▶ _Data records_:
Start of Block
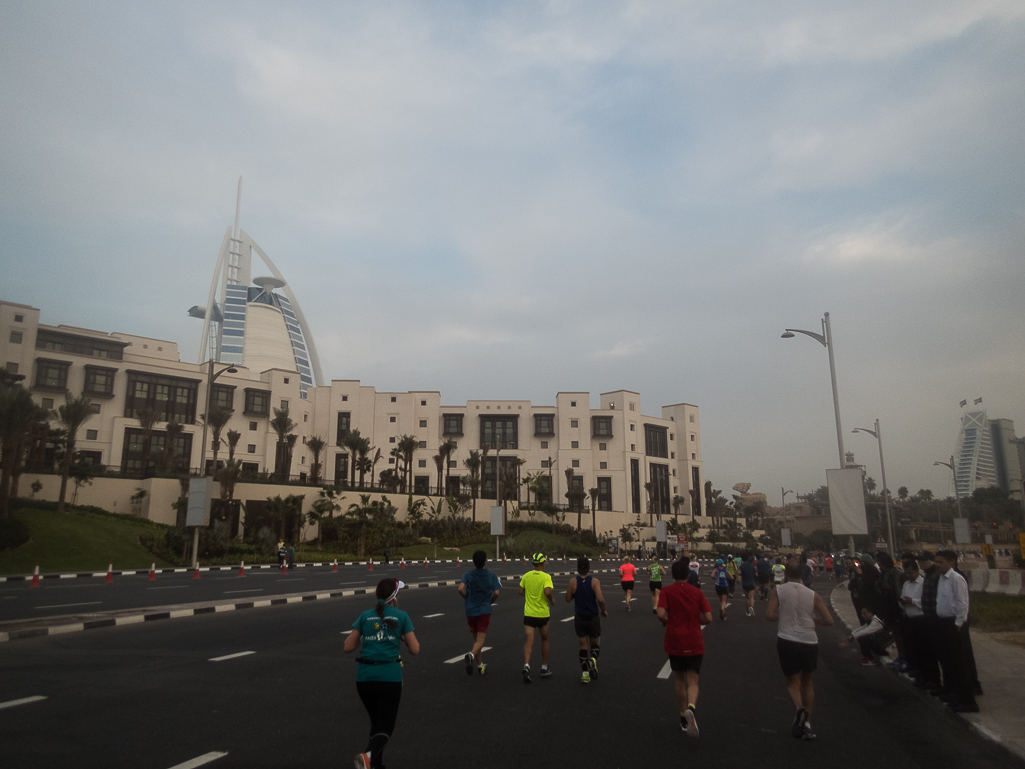 Dubai Marathon 2017 - Tor Rnnow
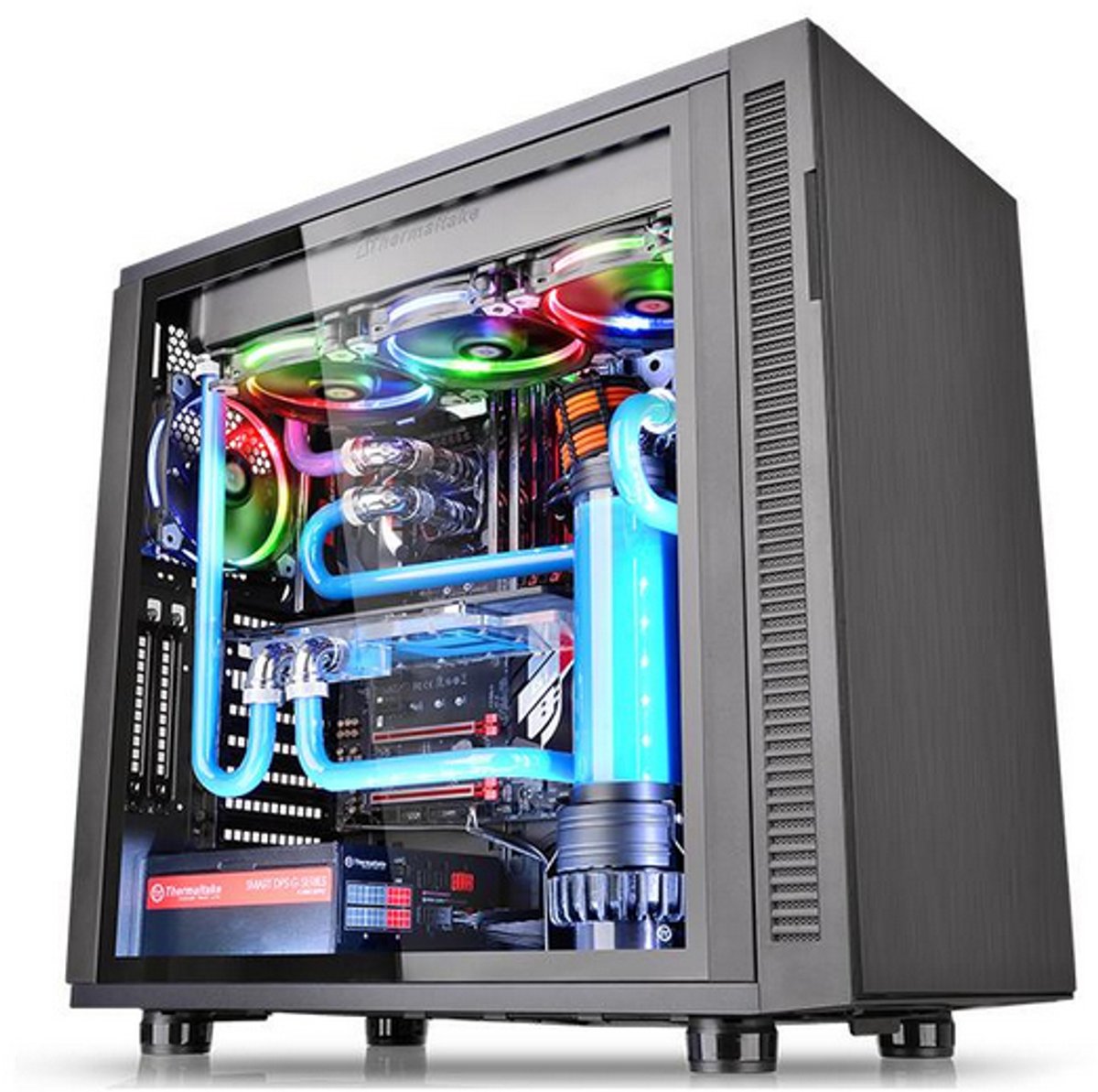 Thermaltake Suppressor F31 Tempered Glass Edition Midi Tower Zwart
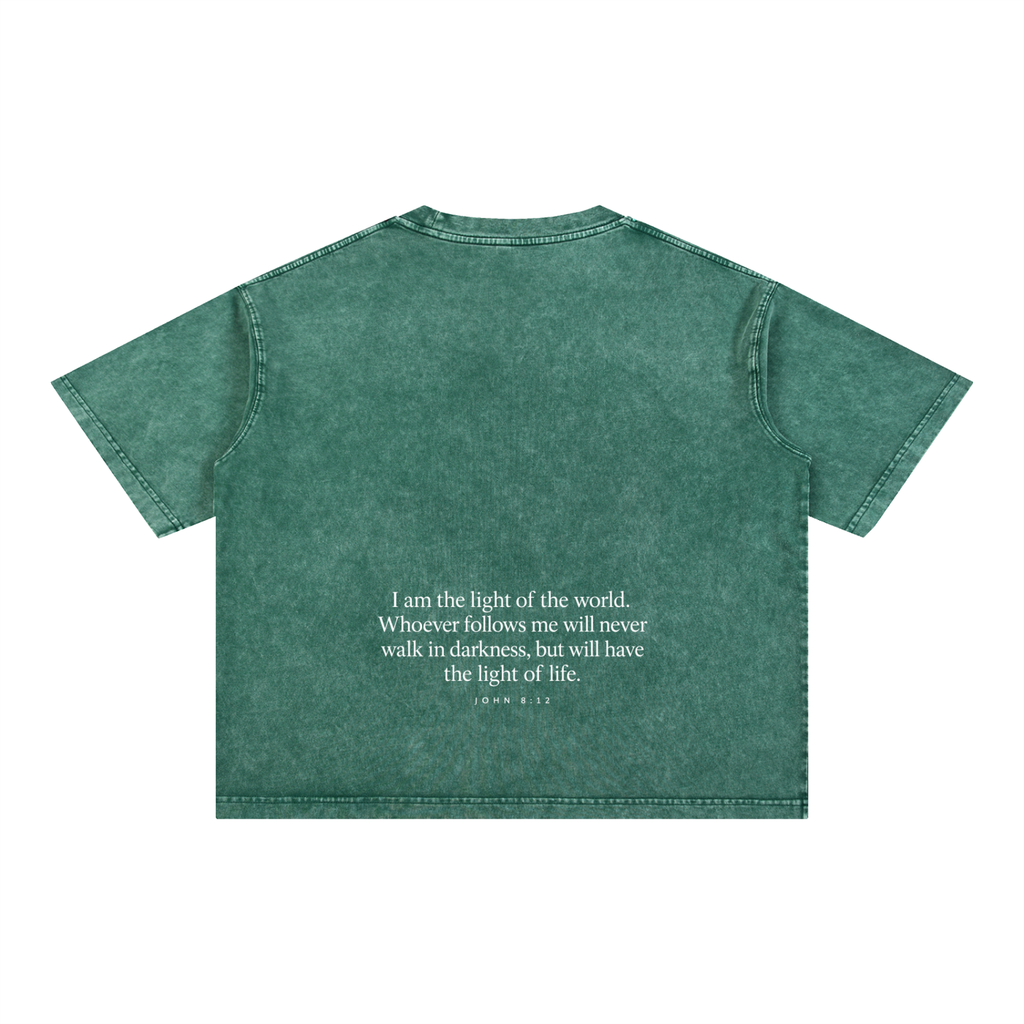 Mineral Wash Boxy T-Shirt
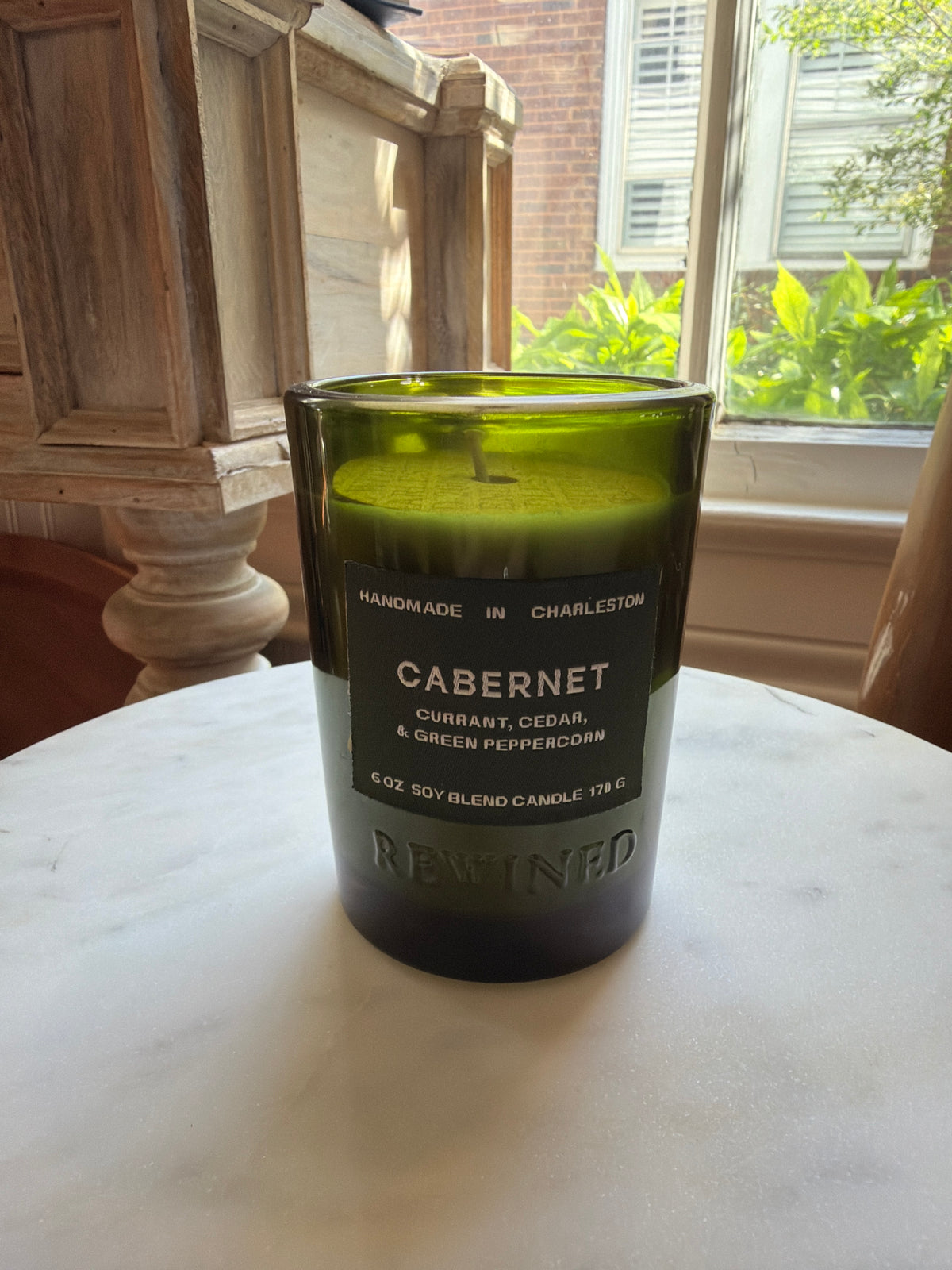 Rewined Candle, 6 oz., Cabernet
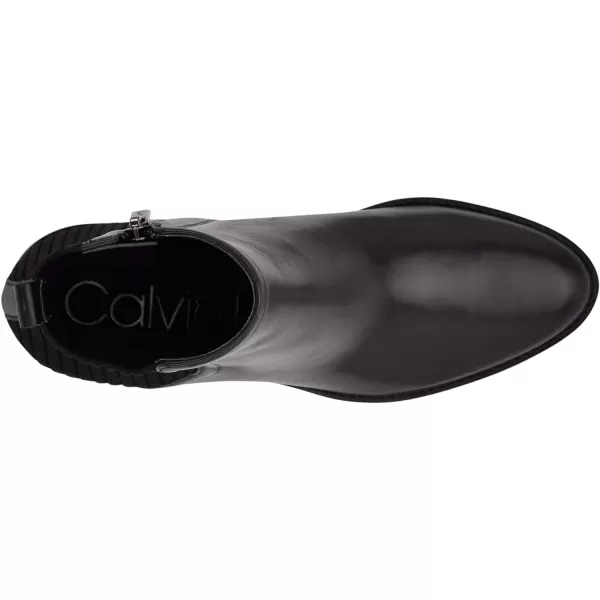 Calvin Klein Womens Deandre Ankle BootBlack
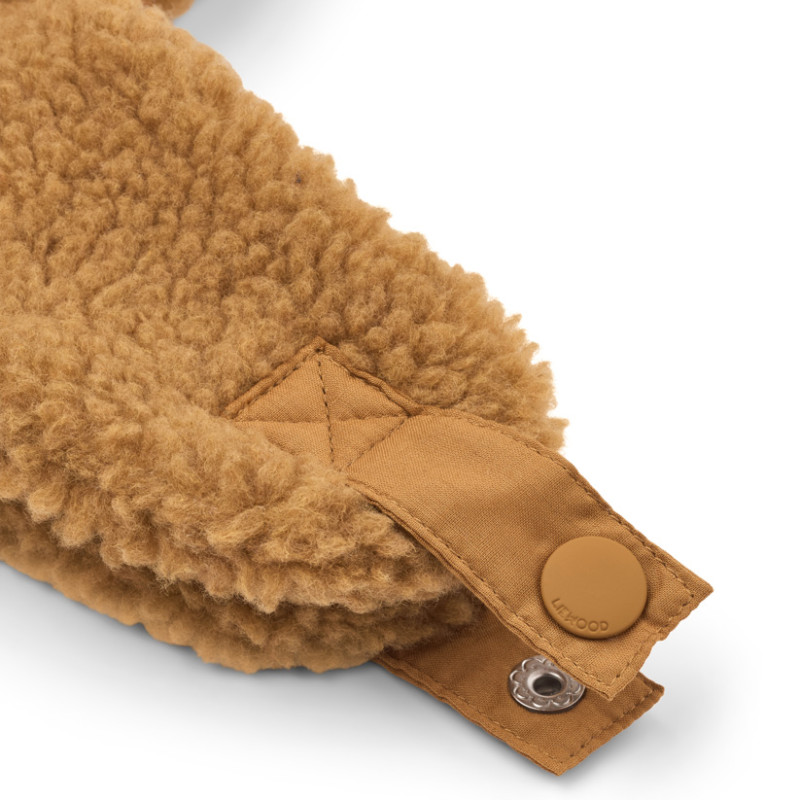 LIEWOOD Wintermütze BRAVO Golden caramel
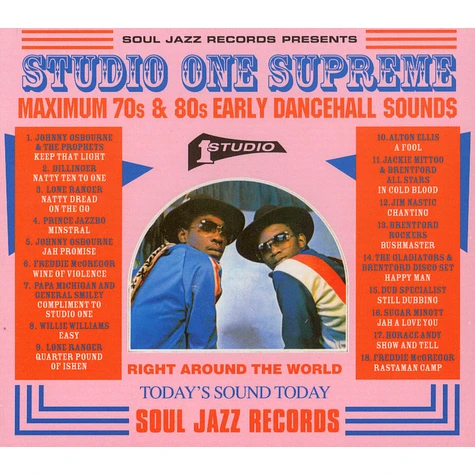 V.A. - Studio One Supreme - Maxiumum 70s & 80s Early Dancehall Sounds
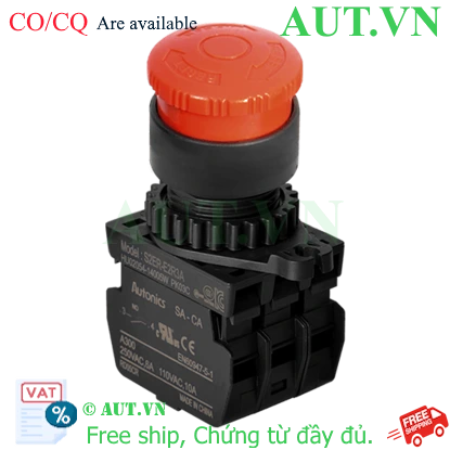 Ảnh của Công tắc nút nhấn Autonics S2ER-E2R3AM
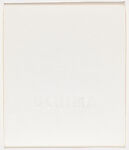 Stage (B), Ansei Uchima (American, Stockton, California 1921–2000), Color woodcut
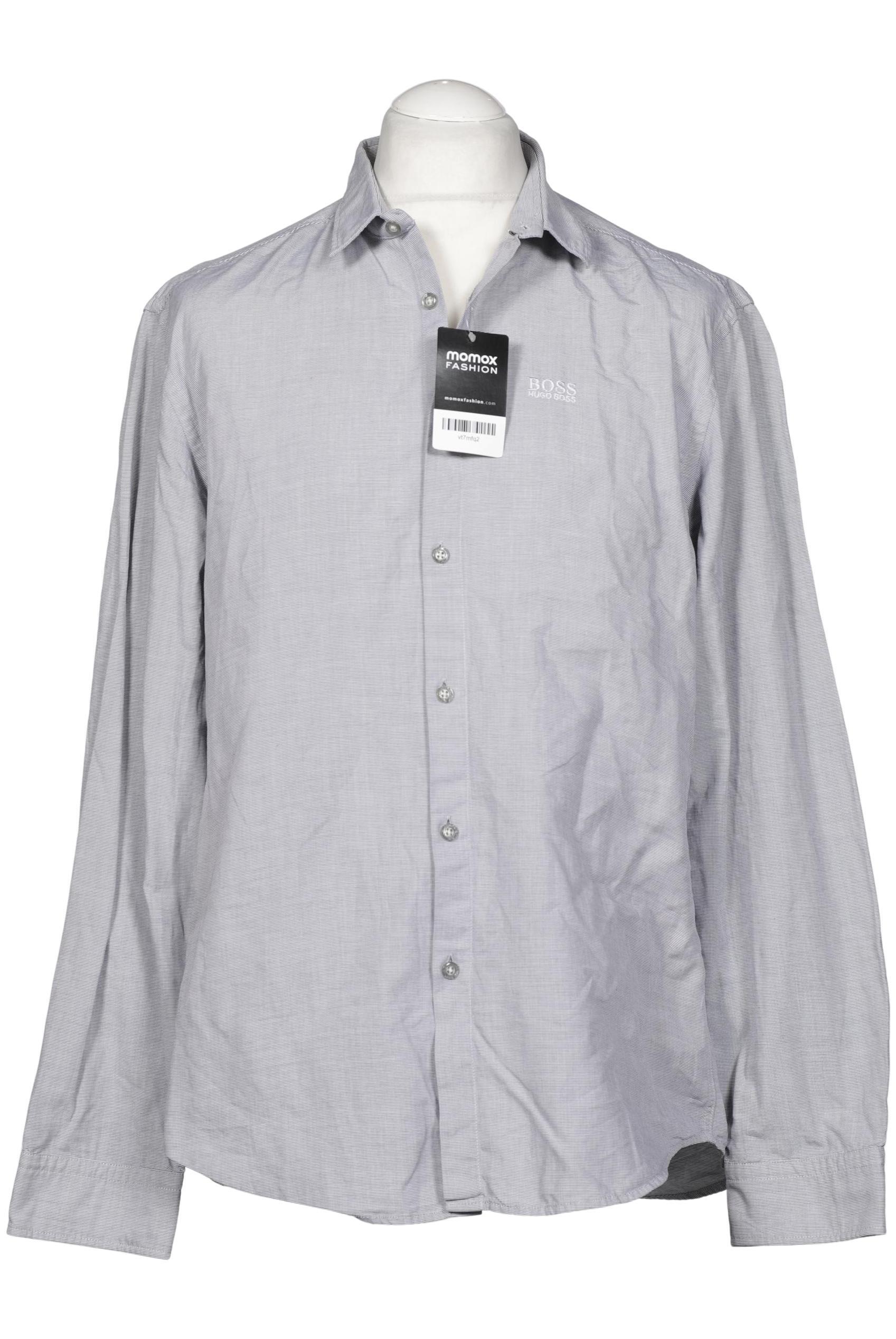 

Boss Green Herren Hemd, grau, Gr. 54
End of Block
▶ _Your assignment_: Up to and including the line that contains "Stage (B), Ansei", print the records above exactly from their first line, without any pictures.

▶ _Response for this exercise_:
 Dubai Marathon 2017 - Tor Rnnow
 Thermaltake Suppressor F31 Tempered Glass Edition Midi Tower Zwart
 Mineral Wash Boxy T-Shirt
 Rewined Candle, 6 oz., Cabernet
 Calvin Klein Womens Deandre Ankle BootBlack
 LIEWOOD Wintermütze BRAVO Golden caramel
 V.A. - Studio One Supreme - Maxiumum 70s & 80s Early Dancehall Sounds
 Ảnh của Công tắc nút nhấn Autonics S2ER-E2R3AM
 Stage (B), Ansei Uchima (American, Stockton, California 1921–2000), Color woodcut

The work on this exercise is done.